======== INFORMATION SUPPLIED ========

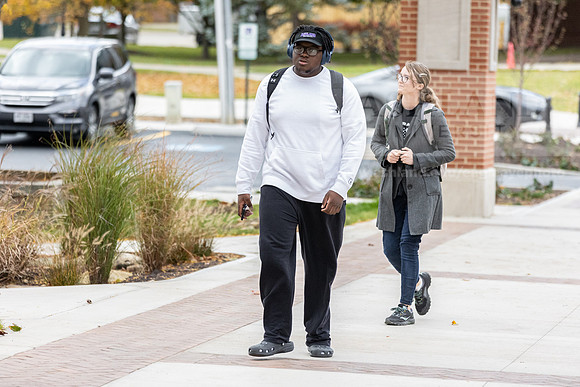 FallCampus1022BM_92A4041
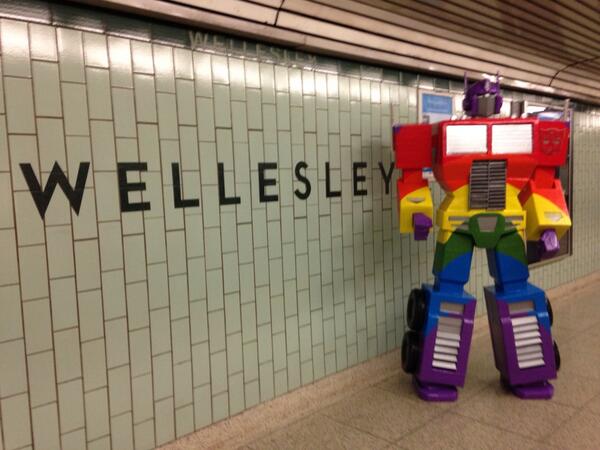 Optimus Pride Optimus Pride Had Such A Good Night He S Only On His Way Home Now Prideto Http T Co Iyvptqf1dy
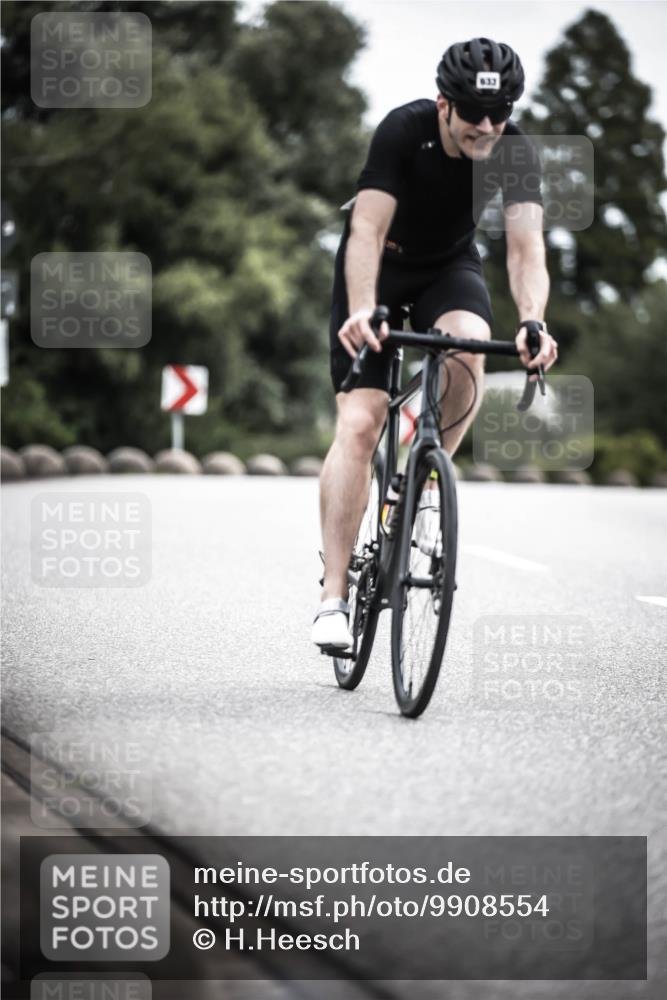 21.06.2026 - 29. Vierlanden-Triathlon H.Heesch http://msf.ph/oto/9908554 21.06.2026 11:51:50 Radfahren 20, 92, 260, 633, 727, 876 meine-sportfotos.de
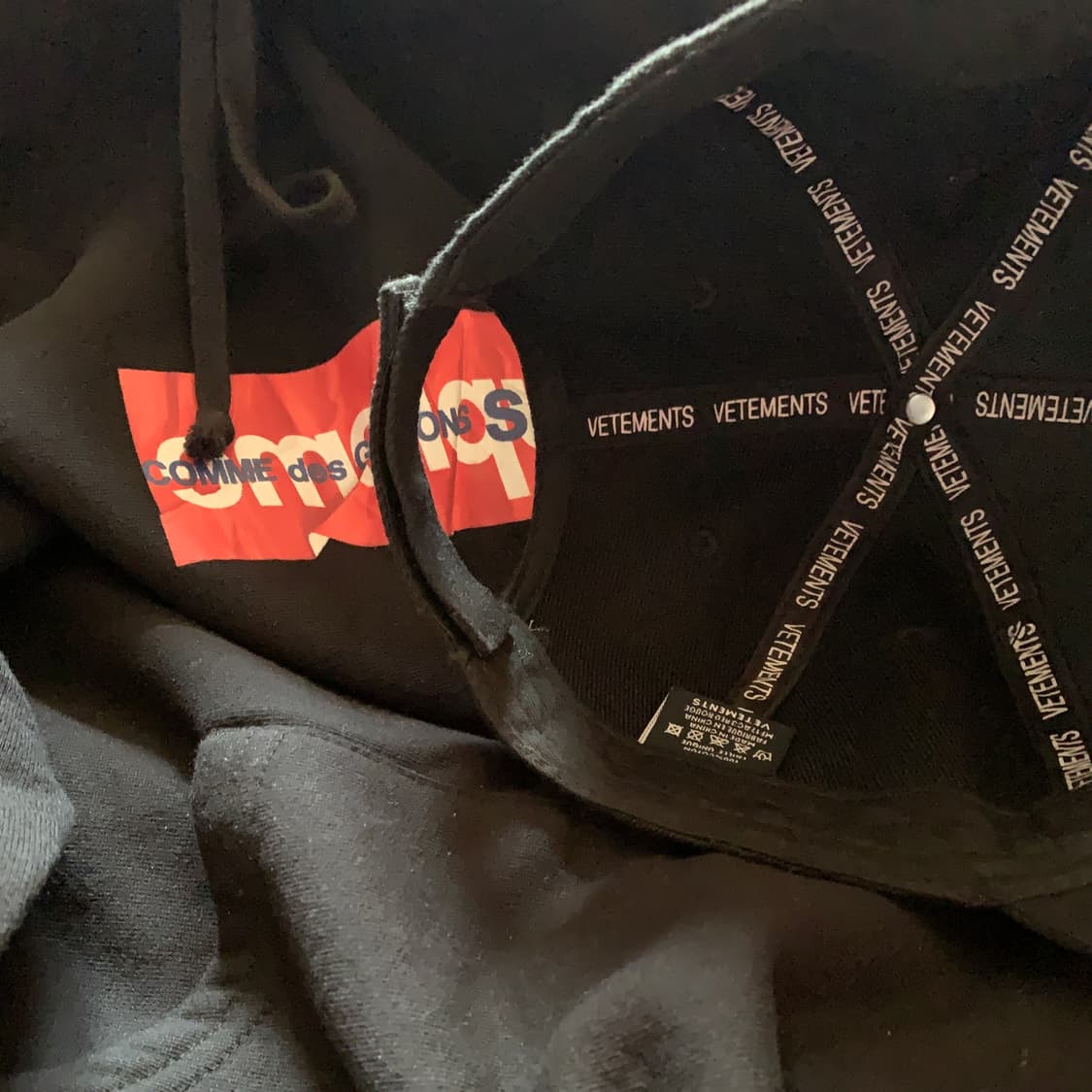 슈프림x꼼데가르송 셔츠 박스 로고 후드와 베트멍 볼캡 일괄 판매합니다 상품이미지4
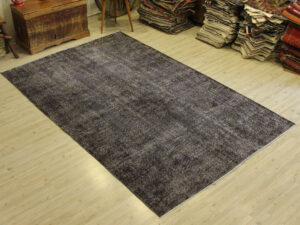 Yün Vintage El Dokuma Halı 180 x 285 cm 10644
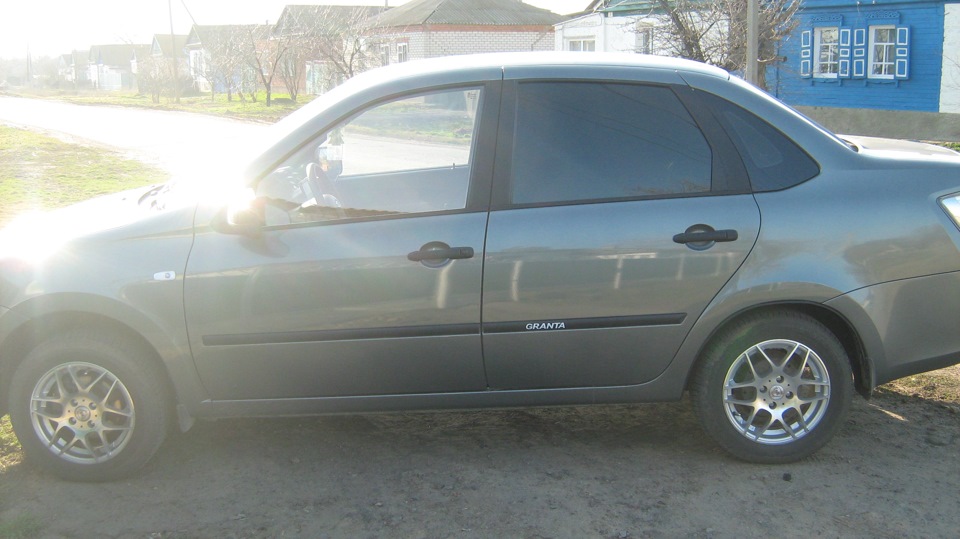 Фото в бортжурнале Lada Granta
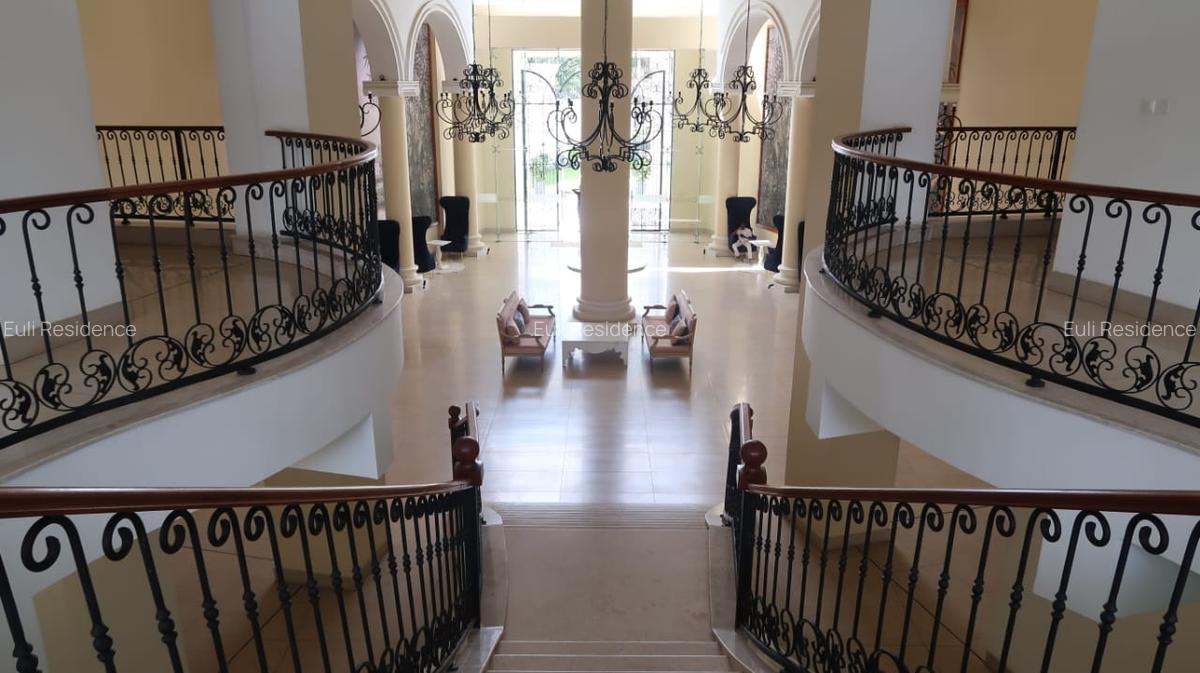 Furnished 3 Bed Apartment with En Suite in Parklands - 3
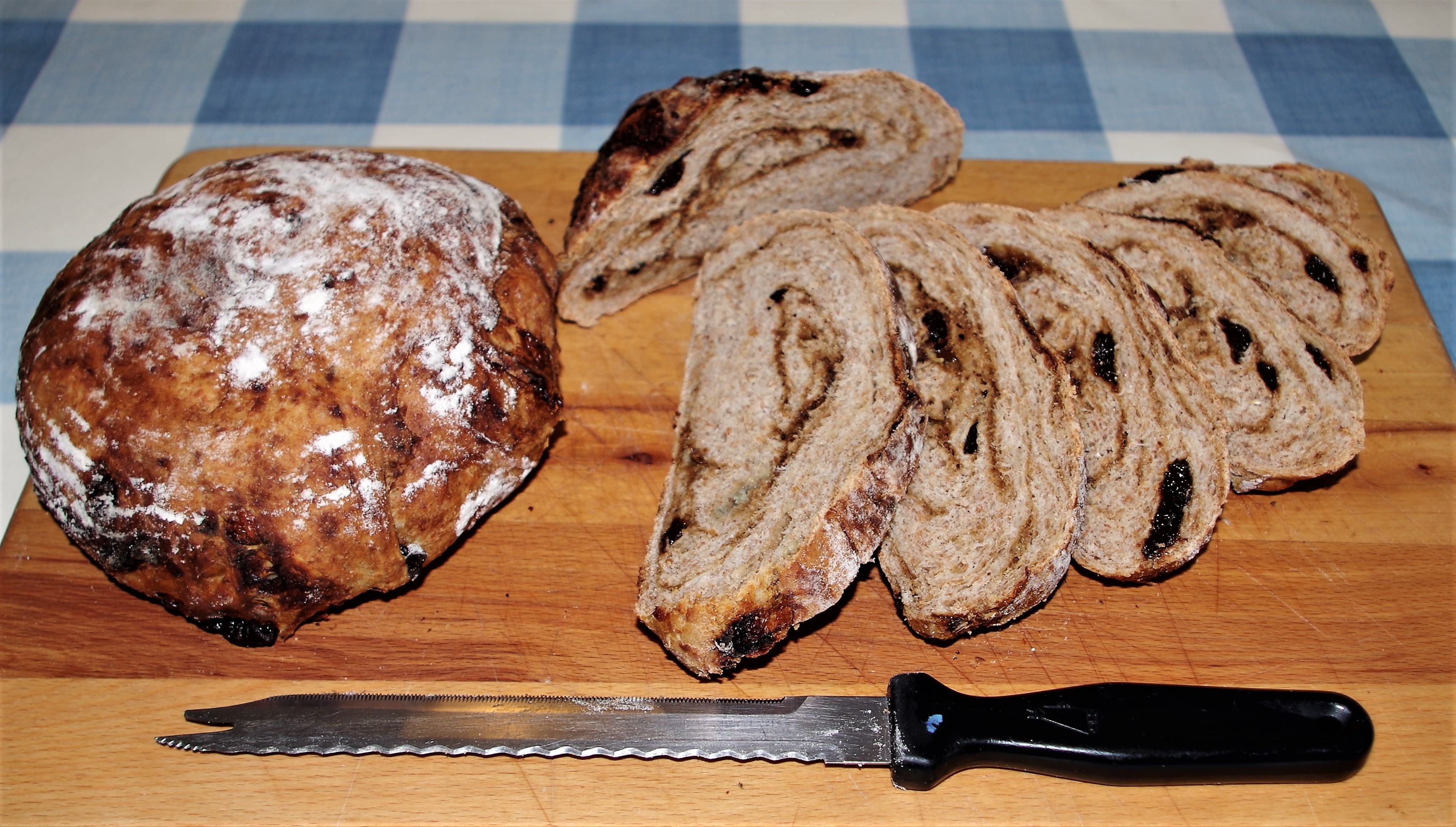 IMGP3829 Sat 3rd Nov - My Stilton, Prune & Treacle bread - 9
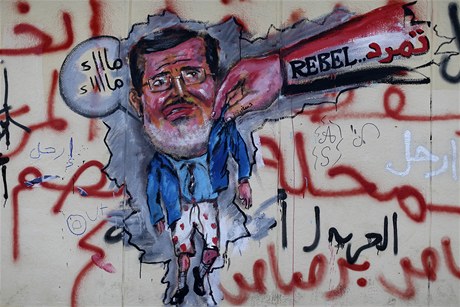 Graffitti zesmující prezidenta Mursího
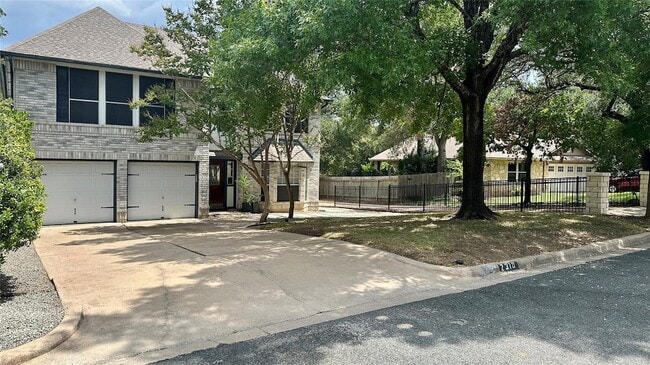 7310 Napier Trail in Austin, TX - Building Photo - Building Photo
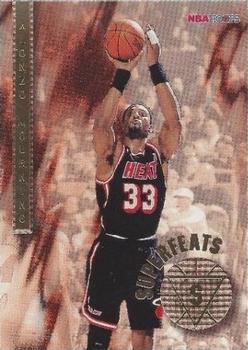 1996-97 Hoops - Superfeats #5 Alonzo Mourning Front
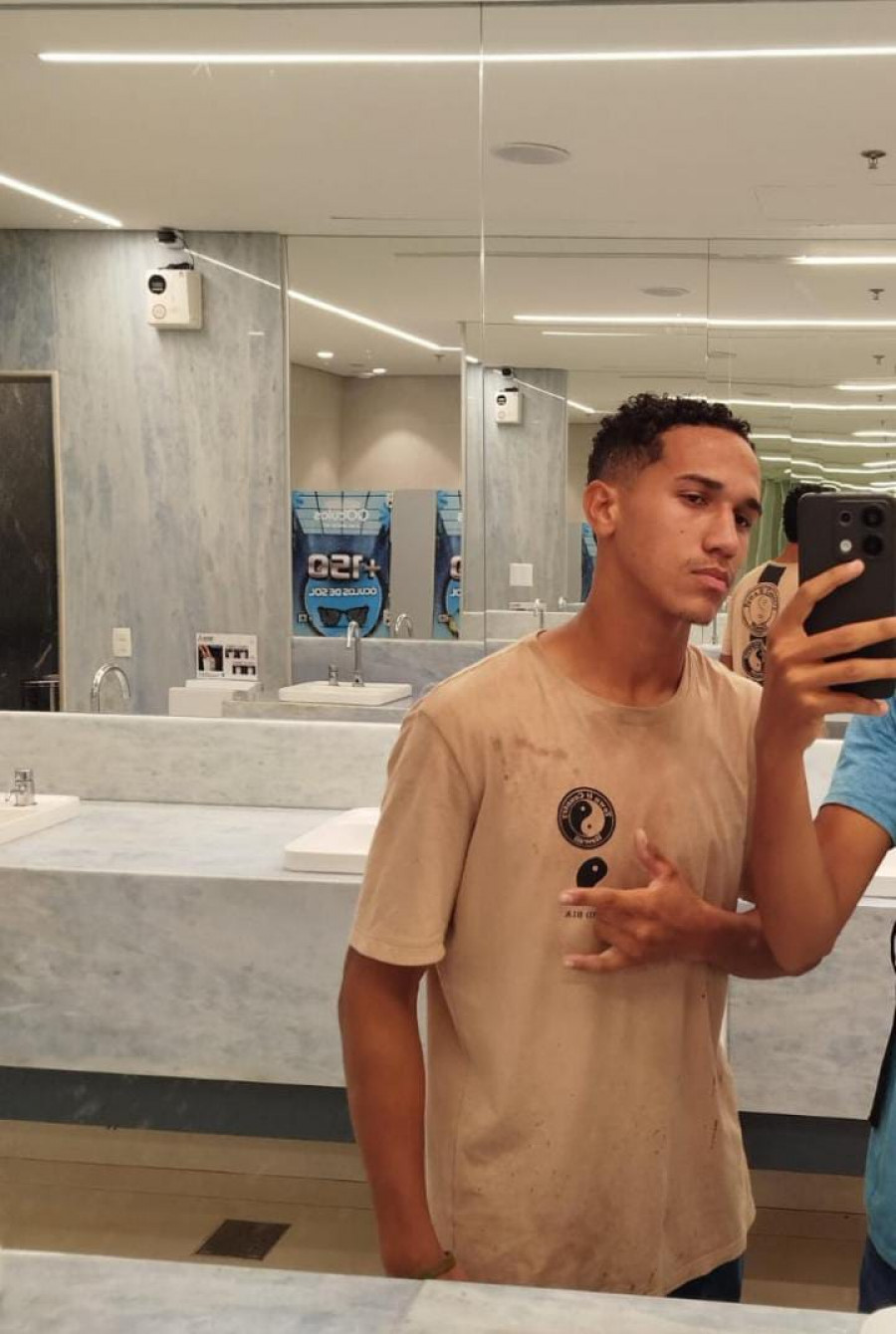 Vítima Matheus, que estaria na garupa da moto. Foto: Reprodução Redes Sociais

========

WHAT TO PRODUCE ▸ Copy out the records exactly; the pictures stay behind.

RESPONSE ▸
 FallCampus1022BM_92A4041
 Optimus Pride Optimus Pride Had Such A Good Night He S Only On His Way Home Now Prideto Http T Co Iyvptqf1dy
 21.06.2026 - 29. Vierlanden-Triathlon H.Heesch http://msf.ph/oto/9908554 21.06.2026 11:51:50 Radfahren 20, 92, 260, 633, 727, 876 meine-sportfotos.de
 슈프림x꼼데가르송 셔츠 박스 로고 후드와 베트멍 볼캡 일괄 판매합니다 상품이미지4
 Yün Vintage El Dokuma Halı 180 x 285 cm 10644
 Фото в бортжурнале Lada Granta
 Furnished 3 Bed Apartment with En Suite in Parklands - 3
 IMGP3829 Sat 3rd Nov - My Stilton, Prune & Treacle bread - 9
 Graffitti zesmující prezidenta Mursího
 7310 Napier Trail in Austin, TX - Building Photo - Building Photo
 1996-97 Hoops - Superfeats #5 Alonzo Mourning Front
 Vítima Matheus, que estaria na garupa da moto. Foto: Reprodução Redes Sociais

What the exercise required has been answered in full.